(Crawled caption data)
★ ★ ★ ★ ★ ★ ★

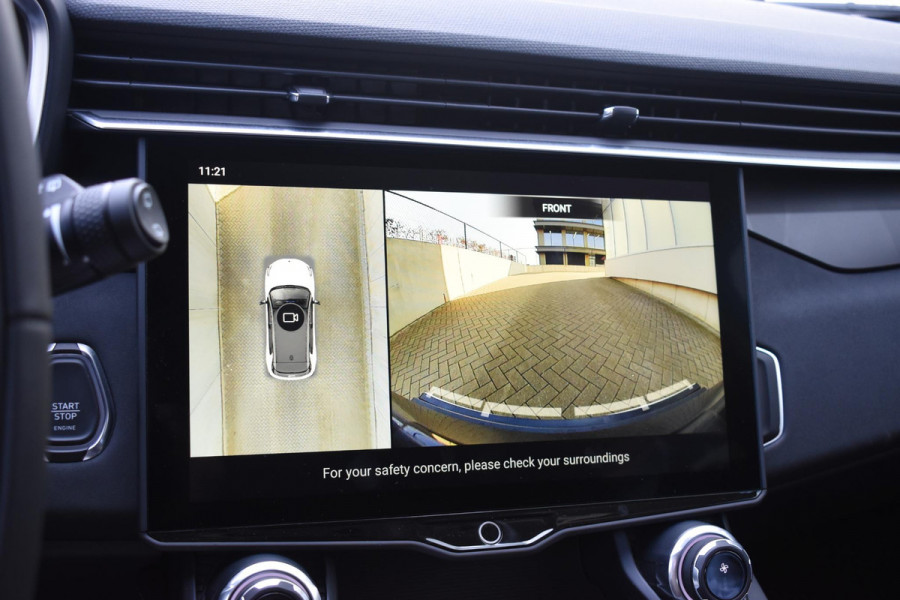 Lynk & Co 01 262PK Automaat / 360 Camera / Adaptieve cruise control / Glazen schuif-kanteldak / Elektrische stoelen met geheugenfunctie / Stoelverwarming / Elektrische achterklep / Climate control / Parkeersensoren V+A / 20"velgen / Keyless entry /
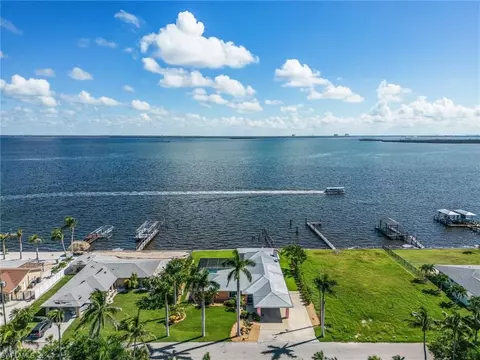 2242 Eighth Ave, Saint James City, FL 33956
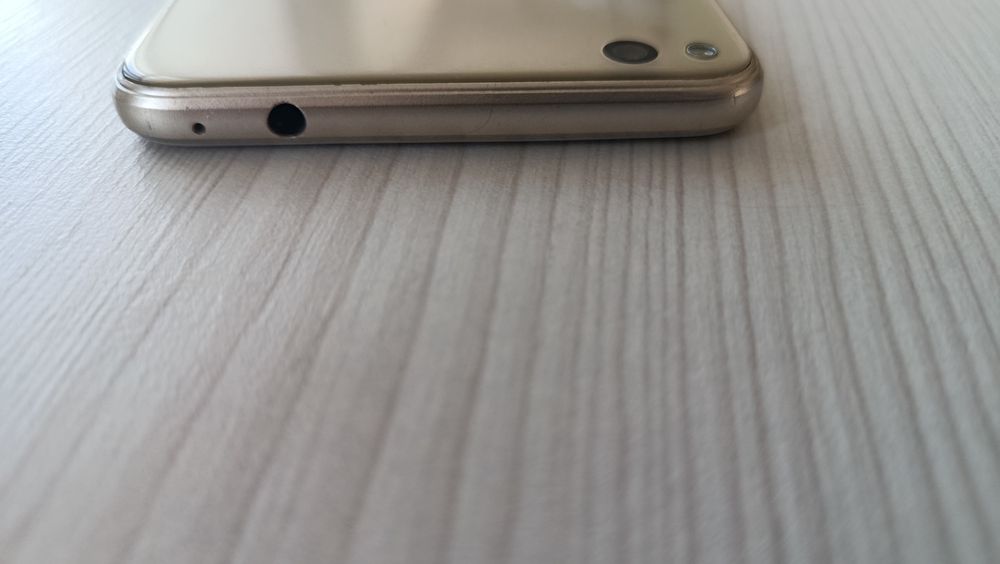 Телефон Huawei p8 lite 2017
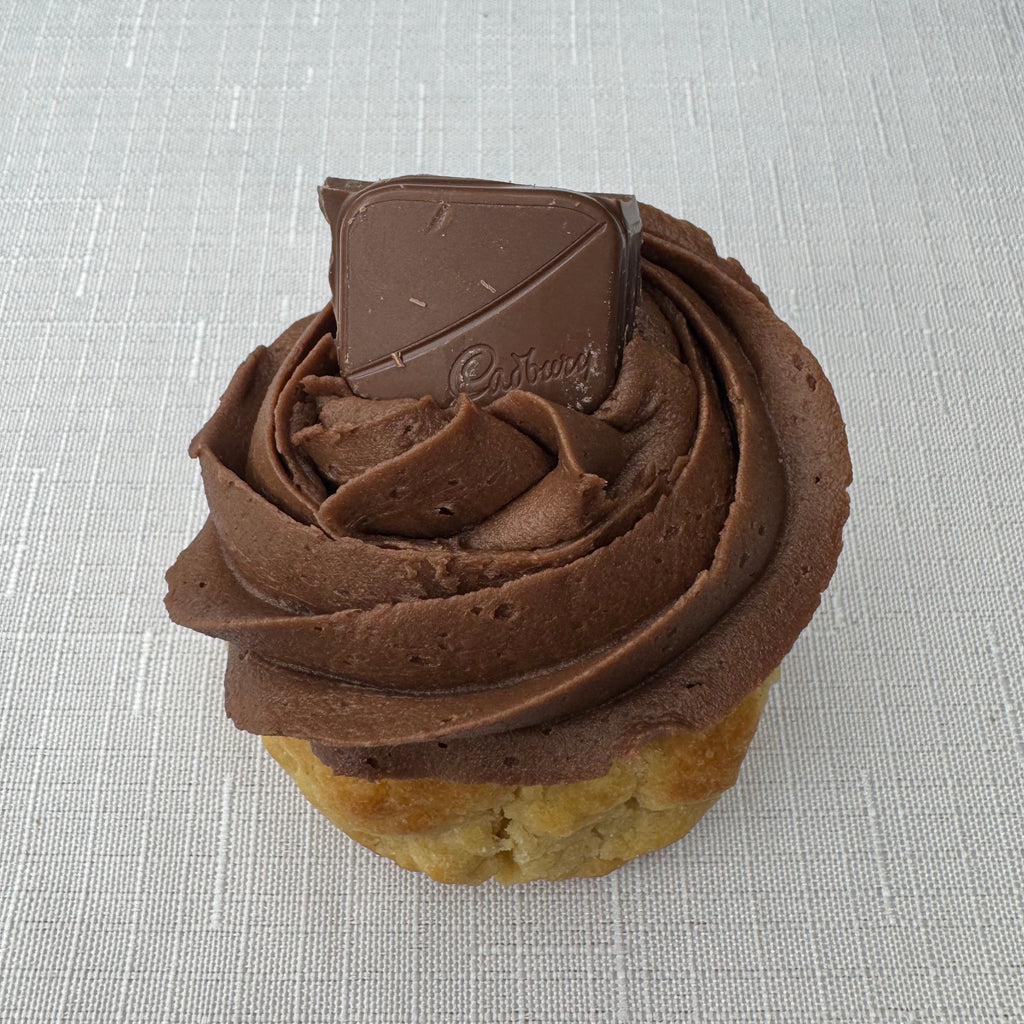 Chocolate Cookie Cake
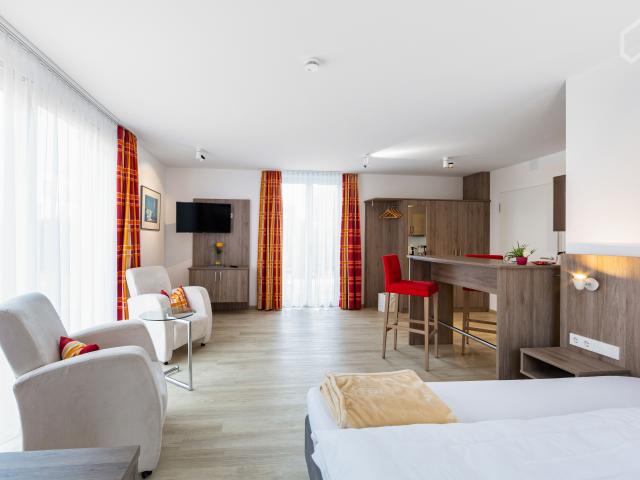 Light flooded apartment with weekly cleaning service & fitness studio in the house, perfect location in Bogenhausen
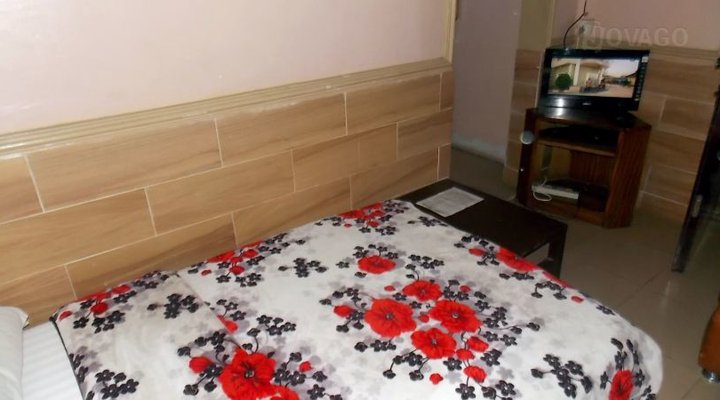 Abayomi Agia Hotels Ltd.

★ ★ ★ ★ ★ ★ ★

> **PROBLEM REQUIREMENTS**: Only the lines from the one holding "2242 Eighth Ave, Saint James City, FL 33956" to the last line of the entries above should be printed, exactly as they appear and with no pictures.

> **WRITTEN RESPONSE**:
 2242 Eighth Ave, Saint James City, FL 33956
 Телефон Huawei p8 lite 2017
 Chocolate Cookie Cake
 Light flooded apartment with weekly cleaning service & fitness studio in the house, perfect location in Bogenhausen
 Abayomi Agia Hotels Ltd.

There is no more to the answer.